ARIA Centar, formerly known as BBI Centar, is a shopping mall in the center of Sarajevo. It is one of the largest shopping malls in Bosnia and Herzegovina, with an area of 43,000 sqm. It was opened on 6 April 2009. ARIA Centar was built on the site where Robna kuća Sarajka, a popular state-owned department store, stood during the time Bosnia and Herzegovina was part of SFR Yugoslavia. Construction took place between 2006 and 2009. The four middle floors are also home to Bosna Bank International, and formerly to the headquarters of Al Jazeera Balkans.

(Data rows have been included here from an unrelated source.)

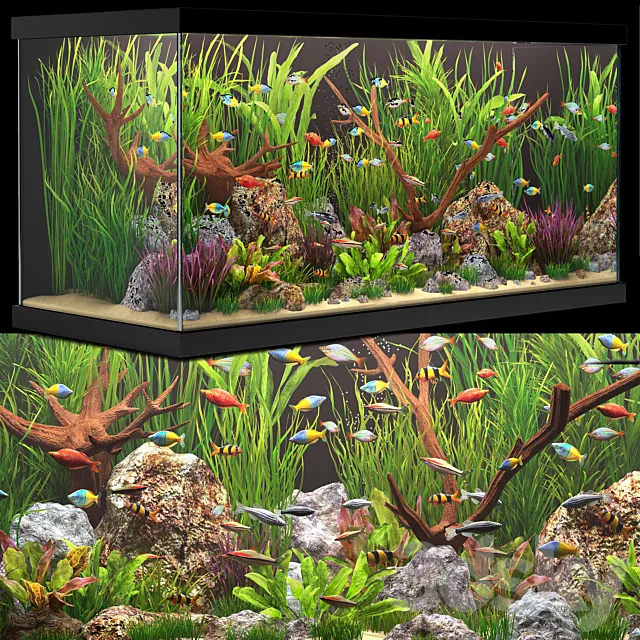 Aquarium 3D Model Aquarium 3D Model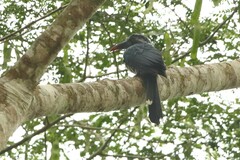 Horizocerus hartlaubi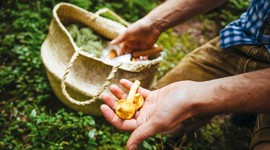 Q4 – Bekenntnis zu Bio, Saisonalität, Regionalität und Haltbarmachung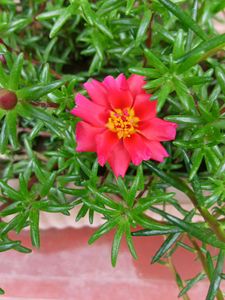 Four Colours Portulaca 12 Sticks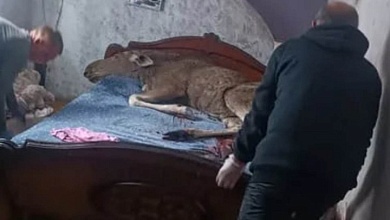 Лось пробрался в дом и улегся на кровать. Животное погибло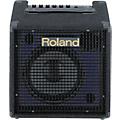 Roland KCW-1 200W Keyboard Subwoofer
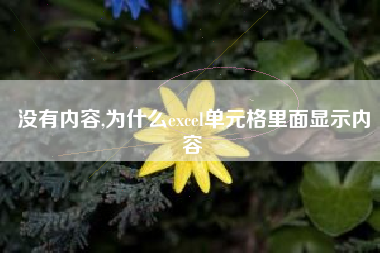 没有内容,为什么excel单元格里面显示内容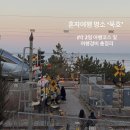 EG투어버스 G코스 | [묵호] 동해 혼자여행 1박 2일 여행코스 • 여행경비 총정리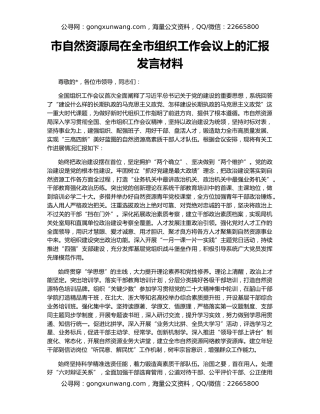 市自然资源局在全市组织工作会议上的汇报发言材料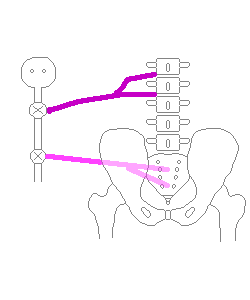 排尿システムと腰椎ヘルニア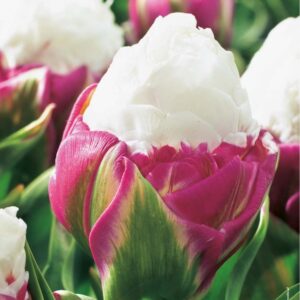 Tulipan Podwójny 'Ice Cream' 5 szt.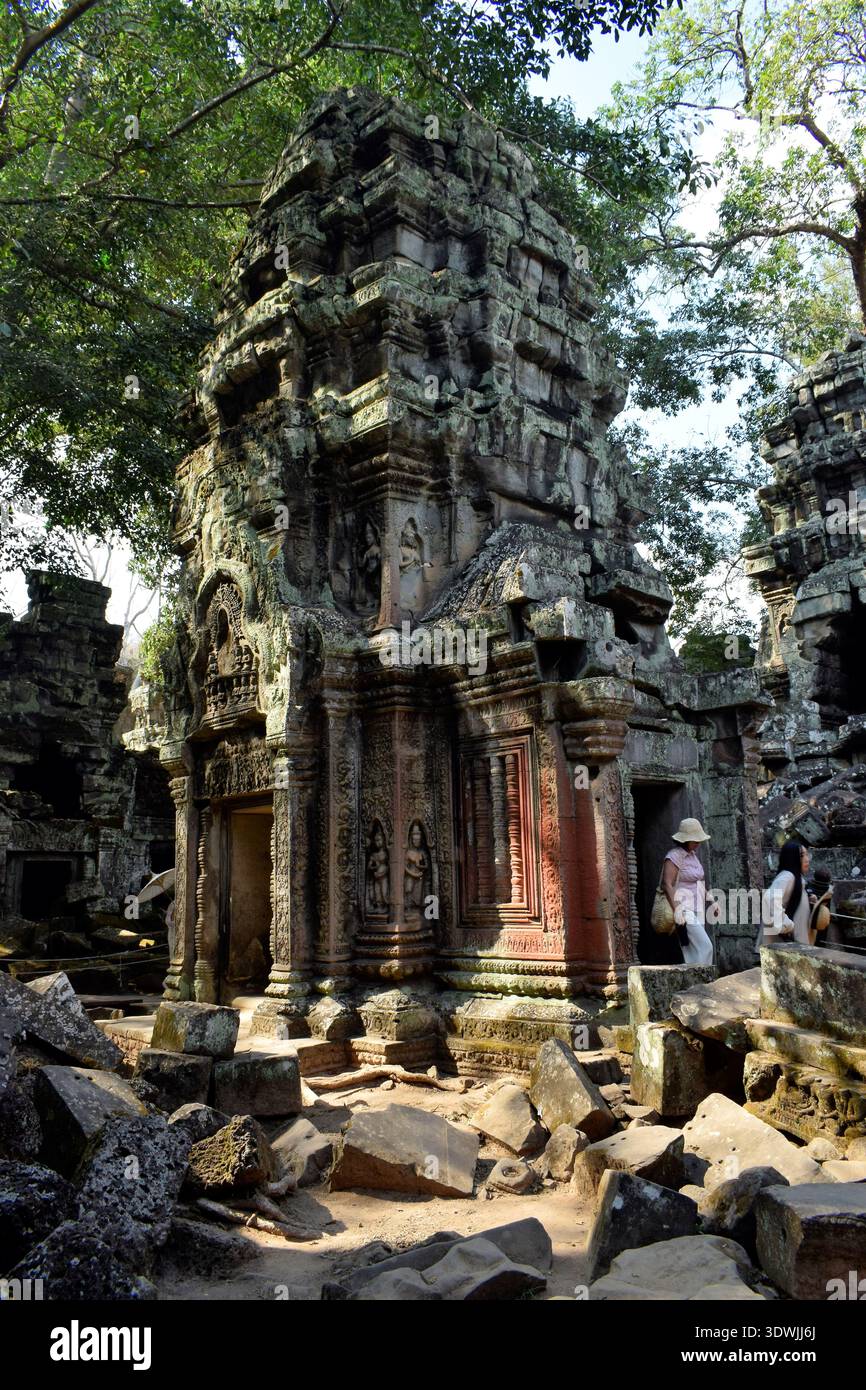 Ta Prohm Tempel Angkor Stockfoto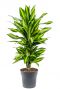 Dracaena cintho plant 3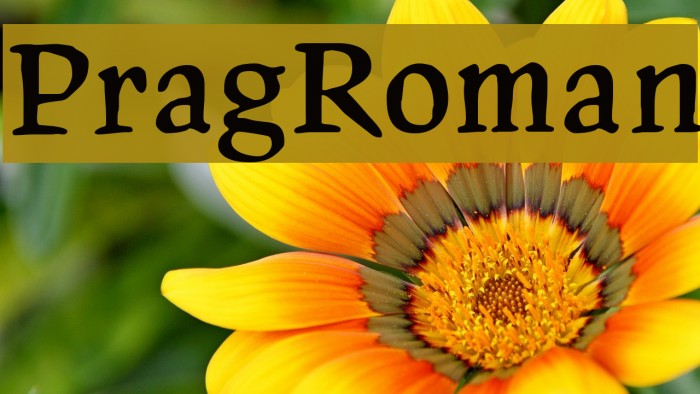 PragRoman Font examples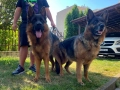 Елитни Немски Овчарки , снимка 3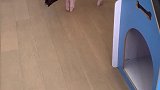 老四的新房子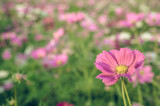 Fototapeta Kosmos - Vintage style of  Selective focus of beautiful pink flower with soft blurred bokeh background.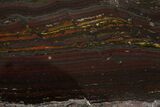 Polished Tiger Iron Stromatolite Section - Billion Years #314329-1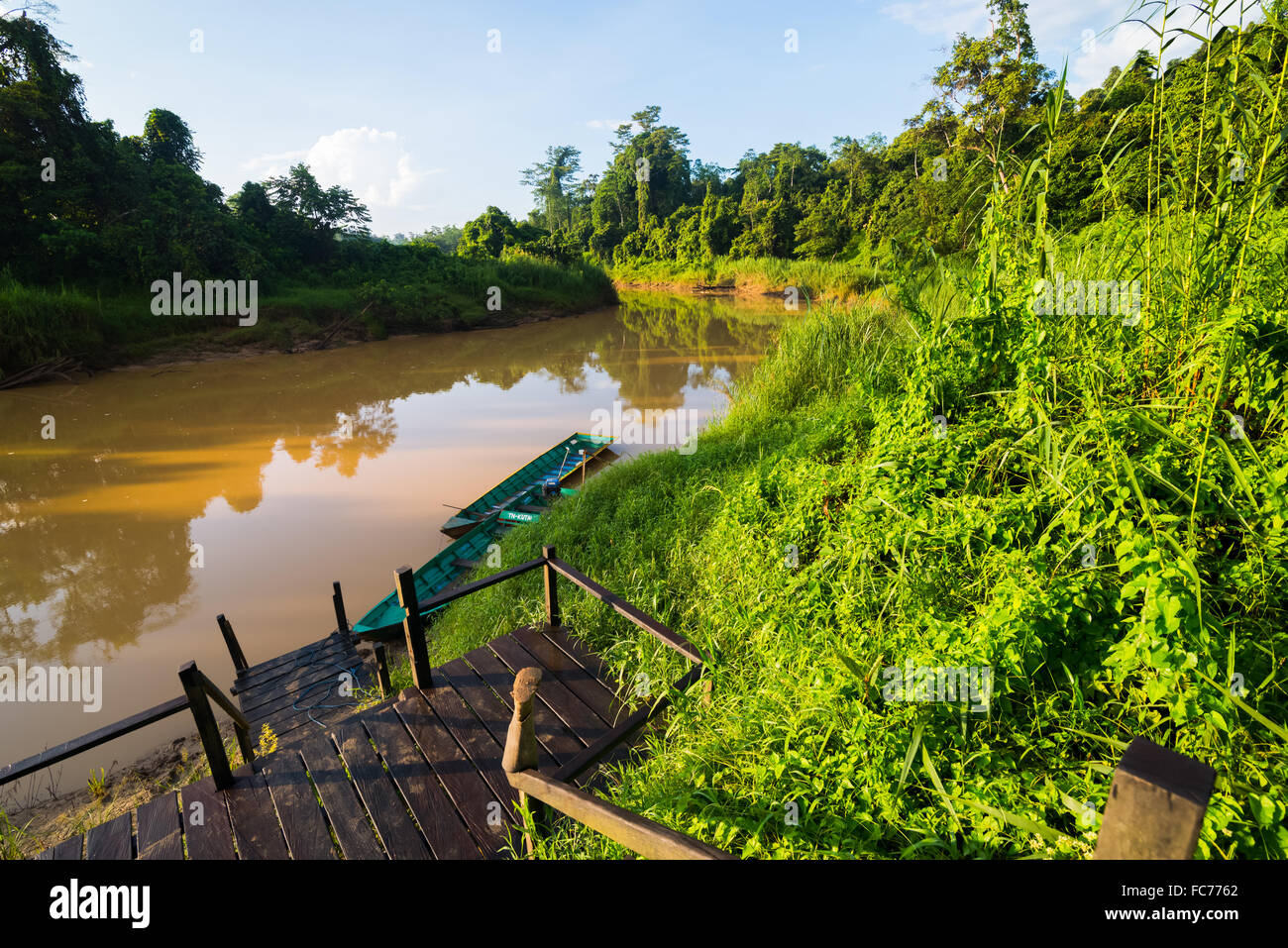 Hölzerner Steg für kleine Boote am Ufer des Sangatta-Flusses im Gebiet des Kutai-Nationalparks in Ost-Kalimantan, Indonesien. Stockfoto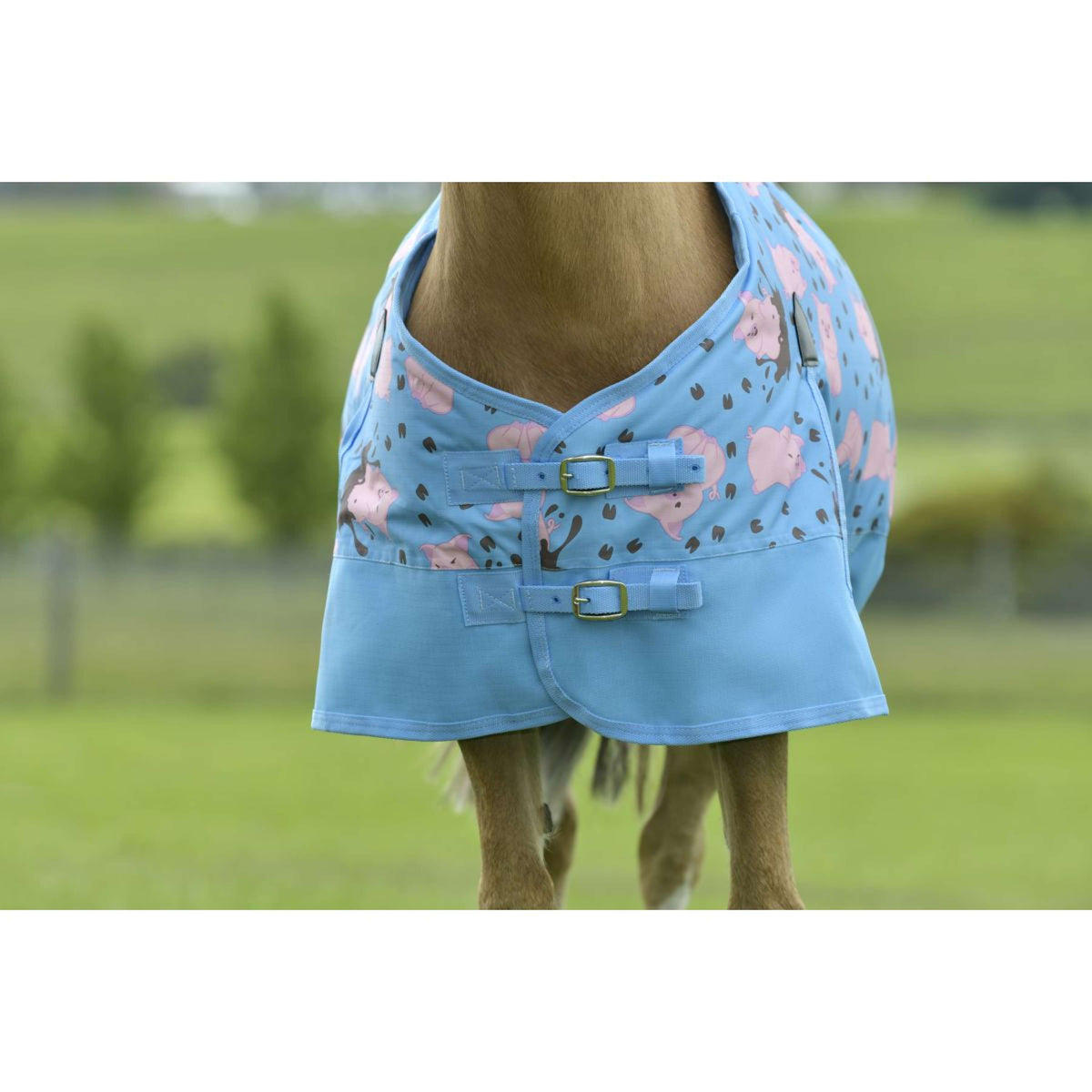 Saxon Couverture d'Hiver Standard Neck Medium 600D Poney Pig Print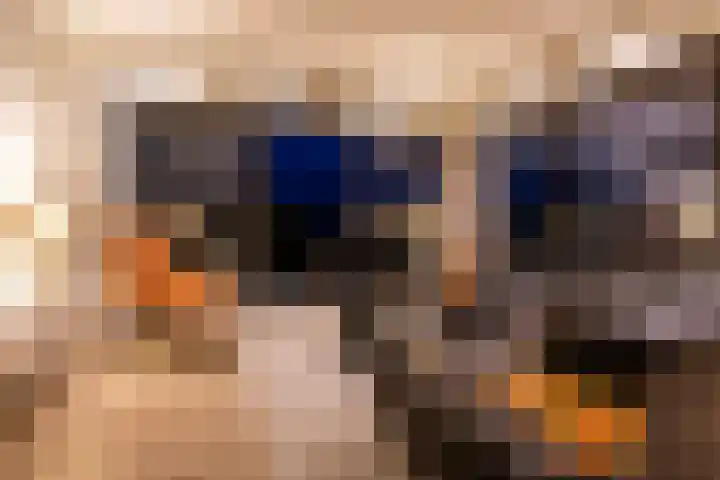 Misthoorn 41 Blauwestad thumbnail 55
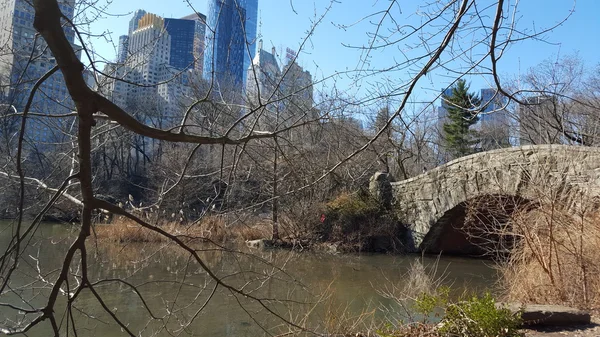 Central Park in New York City, Ny, Verenigde Staten — Stockfoto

469 parking spaces with video surveillance are located on three underground floors. The square in front of ARIA Centar is a meeting place for the citizens of Sarajevo. Many events are held on the Square such as an art performance, children's playrooms, workshops, concerts, graduations and sporting events.

The International Council of Shopping Centers awarded ARIA Centar with the ReStore Award. This distinction of European Shopping Centre Awards rewards both the developer and the local authority for a successful partnership that delivers a sustainable result for the local and regional community. The European Shopping Center Awards are the supreme awards in European retail property.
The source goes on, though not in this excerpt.